Okay, we're going back to Battle: Los Angeles. Why? It offers a good example of today's musing on when unoriginality can be a bad thing.
So before I go off, I don't think that people retreading the same ground is an inherently bad thing. For example, there was last year's Megamind. While most of the enterprise wasn't all that original, it benefitted from parodizing everything about itself that we felt we had seen before. So by virtue of the fact that it plays around with what makes it unoriginal, it feels fresh.
By the same token, I'm one of many people who enjoyed Avatar. Storywise, it left a bit to be desired, but I felt that in terms of visual storytelling Cameron succeeded in making me care about most of the characters, even if it is a retread of Pocahontas with giant blue cats. I remember when I reviewed it that I attribute it to the wonders of Pandora as we experience them from Jake Sully's side of things, and it gave a fresh look as we too were watching the same wonders he was watching unfold for the first time. So for that, it made the rest of the enterprise worth something. For me, anyway: the less I say about the hatedom it's amassed on the internet, the better.

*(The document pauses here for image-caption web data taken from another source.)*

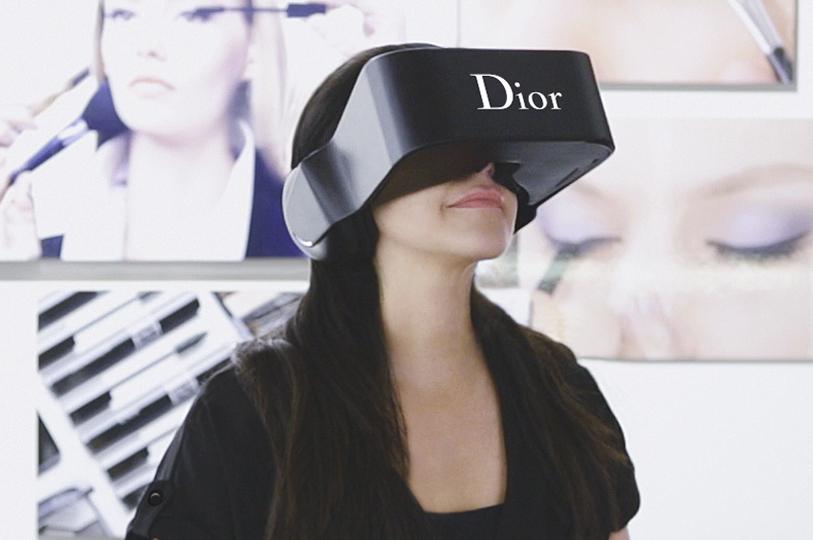 PSFK's tweet photo. Sneak backstage with @Dior's new virtual reality experience http://t.co/w0MvJP2Xvq http://t.co/xswywB6vyO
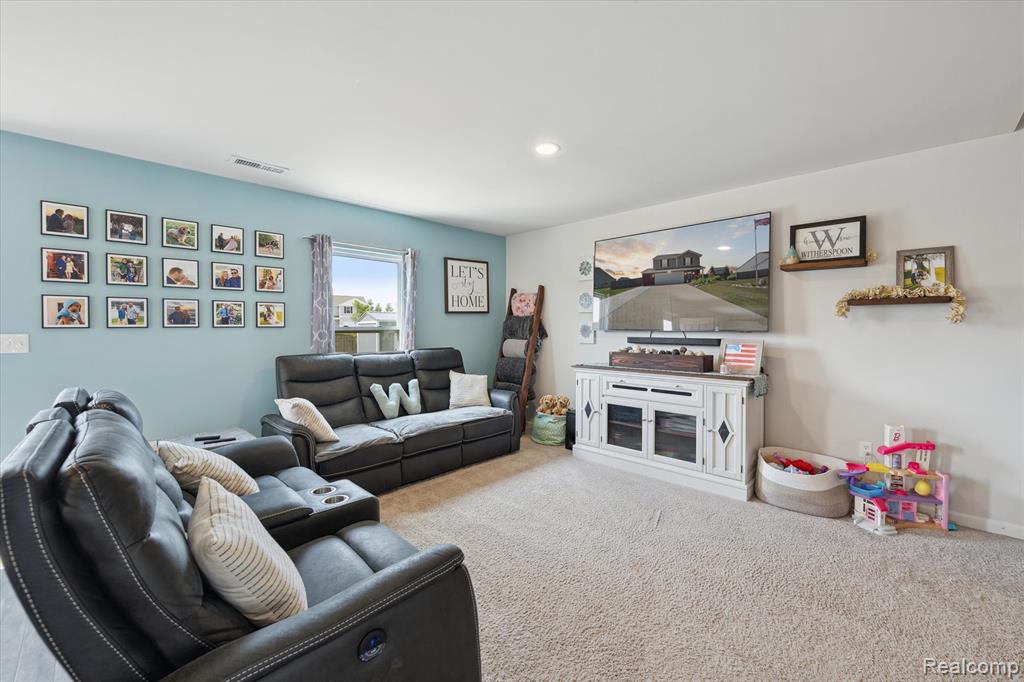 4159 Woodchuck Lane, Swartz Creek, MI 48473 — Photo 8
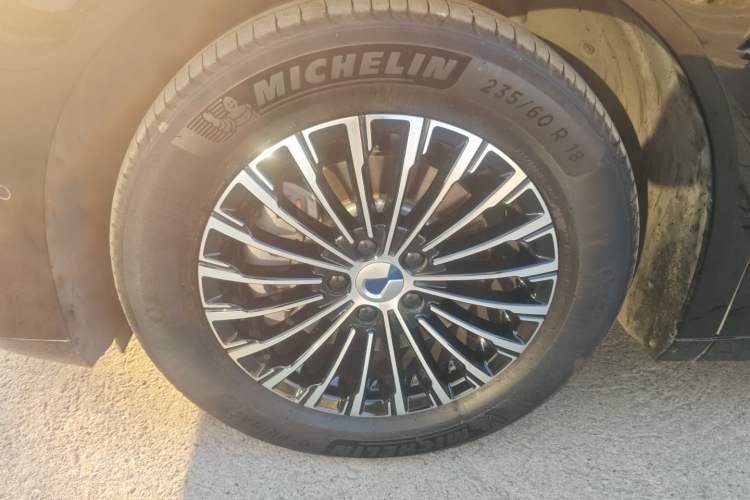 Used Denza D9 2025 DM-i Intelligent Drive 1020 Four-Wheel Drive Prestige Model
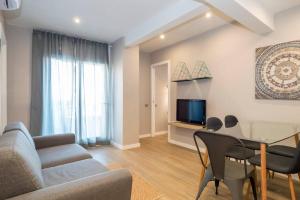 Televízia a/alebo spoločenská miestnosť v ubytovaní BeBarceloner Sant Andreu Apartments - 3 bedrooms with terrace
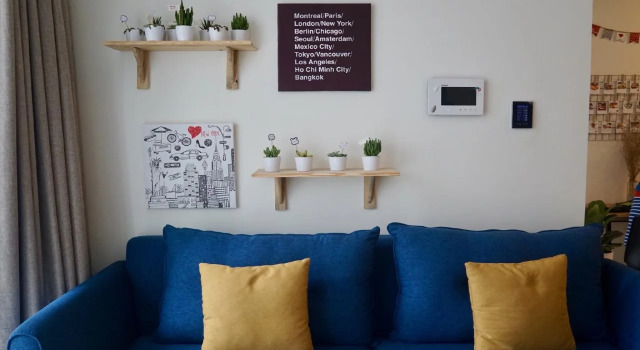 Travelaholic's Homestay, Забронировать Отель Отели Куан-Бинь-Тхань с парковкой, Парковка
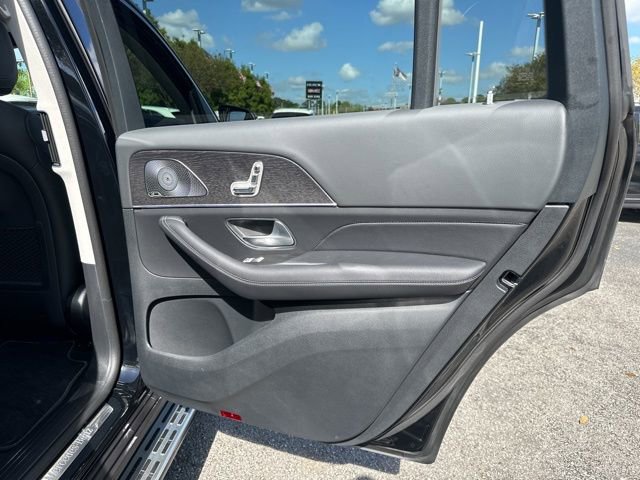Certified 2026 Mercedes-Benz GLS 450 4MATIC image 32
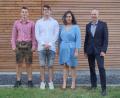 Bild: BSZ Wiesau/exb
Lehrer Jochen Römisch (rechts) gratulierte (von links) Jonas Hermann, Yannick Plischke und Verena Ries zum Abschluss.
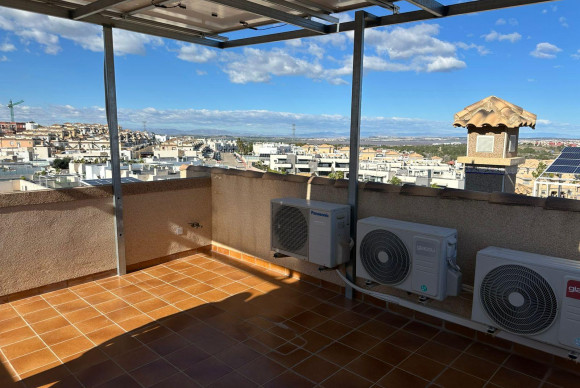Revente - House - Torrevieja - VILLAMARTIN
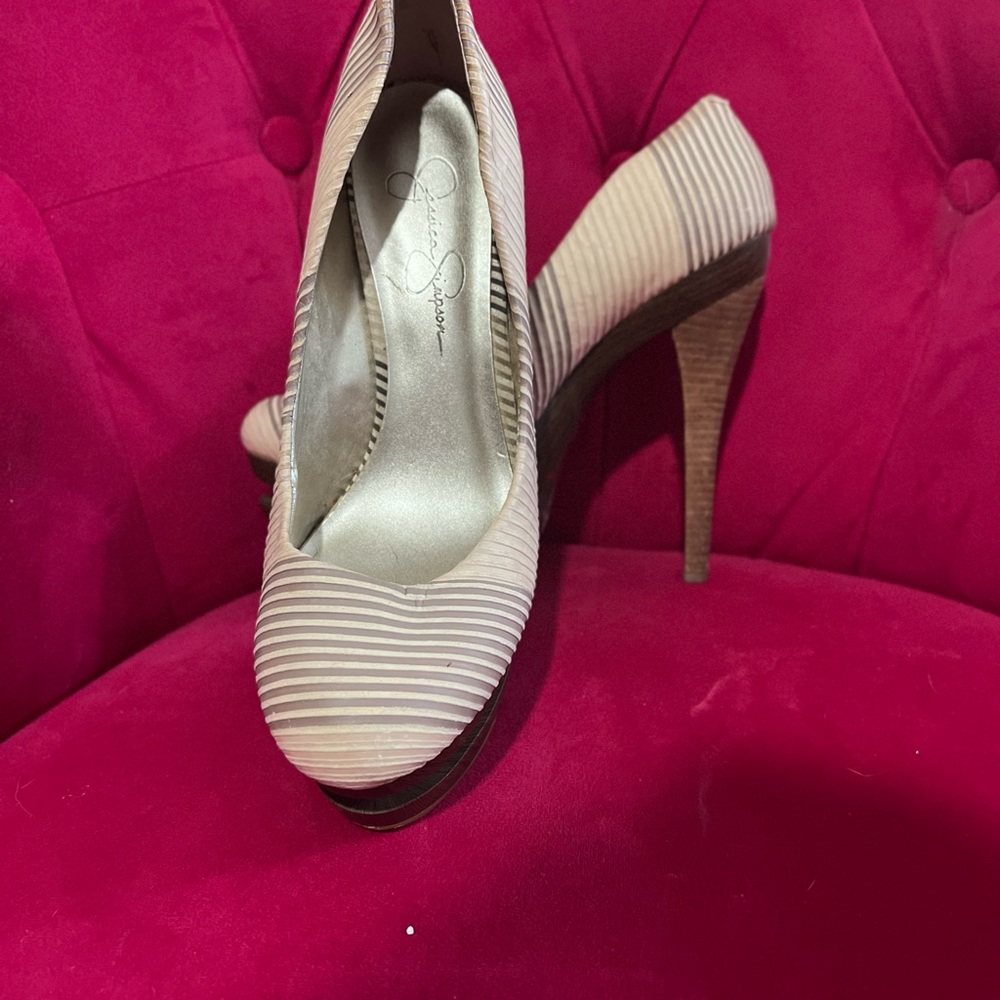 Heels - Picture 3 of 4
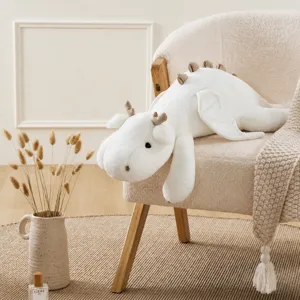Schattige witte draak pluche speelgoed knuffelkussen, zachte knuffelpop voor gezellige slaapkamer.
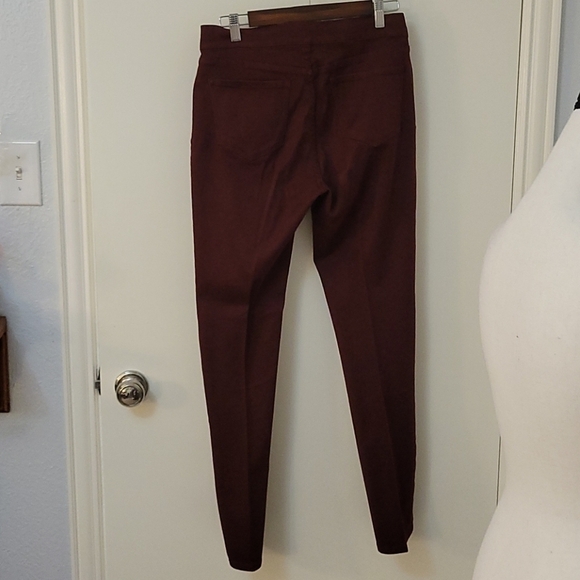 NYDJ Burgundy Lift & Tuck Midrise Skinny Jeans Size 8 - Picture 2 of 6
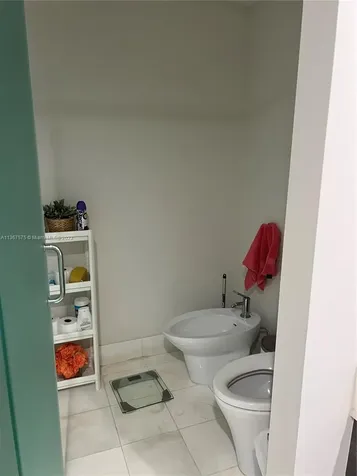 2950 NE 188th Street Aventura FL 33180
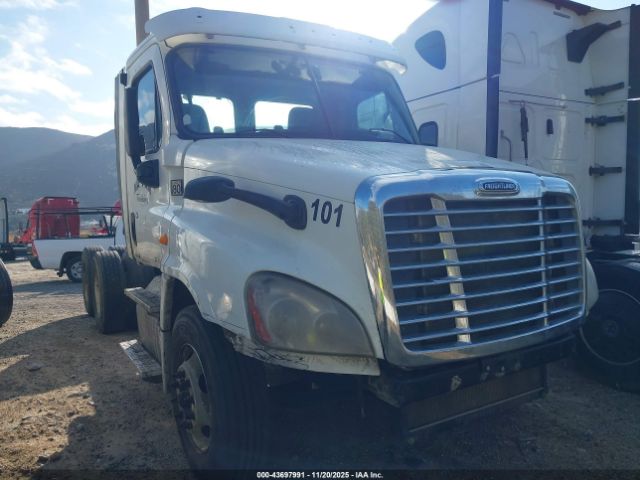 Freightliner Cascadia 125 Image 1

But there's a particularly bad sign of creative bankruptcy that can take you out of a movie. If the whole enterprise feels like we've seen it before, I believe there is a way that the filmmakers can get away with unoriginality if they make us invested in what's going on.
This was not the case with Battle: Los Angeles. In this case, I was able to pinpoint specific things where something in the movie reminded me of something else. The sound design of the aliens reminded me a little too much of the sound design for the Collectors from Mass Effect 2. A lot of the antics of the soldiers' infighting and insecurity on the chain of command when they weren't trying to kill aliens rang a little too close to certain scenes from Saving Private Ryan. The design of the alien command center reminded me a little too much of the design of things like the mothership from District 9. And the aliens themselves (as well as some of their aircraft) looked like they were ripped straight out of Independence Day. (Any comparisons to Skyline in terms of what is similar is unfair to Battle, given that there was a whole lawsuit from Sony Pictures about how the Brothers Strause may or may not have stolen intellectual property with that. So I won't go there.)
This breaks involvement with the story. I say this mainly because I feel that the plot and universe of a film have to draw us in if we're to enjoy it. If we can pinpoint individual places where we can say 'okay, that was taken from this property', it draws us away from everything that is happening, and as was in my case we think about other, better things. And this means that we can't be as involved in the story as we want to be.
And that is where I draw the line. I'm fine with people who will retread old ground, so long as they do it well or try to bring a new twist to everything. But when I'm pulled out of the story because something is so obviously inspired-very similar to something else, that is when I stop being invested in the story.